Cobertura vegetal do Paraná precisa ser ampliada e protegida

Segundo a Rede Pró Unidades de Conservação, uma ação possível seria a estruturação e regularização de unidades de conservação (UCs). O item 4.2.1 do Termo de Acordo Judicial prevê ao menos 40% dos valores devem ser destinados às UCs para ações de implementação, ampliação, proteção, estruturação, fiscalização e regularização fundiária dessas áreas.

Sobre a regularização fundiária, o acordo permite que o recurso indenize proprietários de terra que tiveram seus imóveis demarcados como UCs. A não indenização dos proprietários e consequente permanência deles dentro das unidades impede a realização de ações de conservação.

Questionado sobre o uso do recurso para este fim em 26 de janeiro, o secretário da Sedest e presidente do conselho, Márcio Nunes, afirmou que “juridicamente isso não é possível, estas pessoas precisam ser pagas pelo Tesouro do Estado, então não existe possibilidade do acordo servir para indenização”.

Pelo acordo, no entanto, esta é uma possibilidade. Segundo a bióloga e diretora executiva da Rede Nacional Pró Unidades de Conservação, Angela Kuczach, “o recurso pode e deve ser aplicado para regularização e outras ações dentro de uma lista de prioridades nas UCs”.

A Rede Pró UC pediu ao Instituto Água e Terra (IAT) dados do levantamento da área e da quantidade de proprietários que precisam ser indenizados no estado. “Perguntamos via Lei de Acesso à Informação. O IAT respondeu que não tem esse dado. É responsabilidade do estado fazer este diagnóstico”, afirma Kuczach.
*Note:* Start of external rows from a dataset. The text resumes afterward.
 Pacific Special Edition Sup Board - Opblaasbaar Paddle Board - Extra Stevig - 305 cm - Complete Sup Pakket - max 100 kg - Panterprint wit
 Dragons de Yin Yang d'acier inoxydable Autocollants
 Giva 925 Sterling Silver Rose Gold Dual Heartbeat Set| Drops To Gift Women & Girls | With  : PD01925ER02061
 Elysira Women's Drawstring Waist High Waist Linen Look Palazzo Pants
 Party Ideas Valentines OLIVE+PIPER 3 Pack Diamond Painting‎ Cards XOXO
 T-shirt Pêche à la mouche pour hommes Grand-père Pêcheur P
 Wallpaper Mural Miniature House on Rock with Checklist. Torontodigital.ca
Sobre outros diagnósticos das UCs, a reportagem do OJC perguntou ao IAT onde esta informação está disponível. O IAT informou que o levantamento é interno e ainda não fez a divulgação.

Segundo o diretor de relações institucionais da Associação Nacional de Órgãos Municipais de Meio Ambiente (ANAMMA), Mário Mantovani, os projetos propostos pelo governo precisam ser realizados, mas não com o recurso para conservação ambiental. “Os recursos não eram para isso. A situação foi forçada para que os projetos se enquadrem no interesse eleitoral. A forma como o governo do Paraná está fazendo é eleitoreira, é uma competição com o governo federal para ver qual governo é mais nocivo ao meio ambiente”, afirma.

O que diz o governo

A reportagem do OJC perguntou ao IAT qual foi a metodologia utilizada para elaboração dos projetos. O IAT encaminhou nota afirmando que “os projetos e planos elaborados e apresentados ao CRBAL estão pautados na política estadual e no plano de governo, amparados na agenda ambiental 2030, Race to Zero e os compromissos da Declaração de Edimburgo”. Ainda disse que usou como referência as áreas estratégicas prioritárias para conservação e restauração do Estado do Paraná e seus corredores ecológicos, “como previsto na Lei Federal n.º 9.985/2000”.

Ainda perguntamos se o IAT fez um diagnóstico sobre as unidades de conservação do estado para propor os projetos. A resposta foi que “o IAT elaborou diagnóstico de suas 70 unidades de conservação no ano de 2020, documento interno que respalda todo o planejamento estratégico e as políticas ambientais voltadas ao patrimônio natural e executadas através de programas como o Paraná Mais Verde, Programa Estadual de Educação Ambiental, PREVINA, Parques Paraná, dentre outros estabelecidos e amplamente divulgados”. O IAT não informou se irá divulgar o “documento interno”.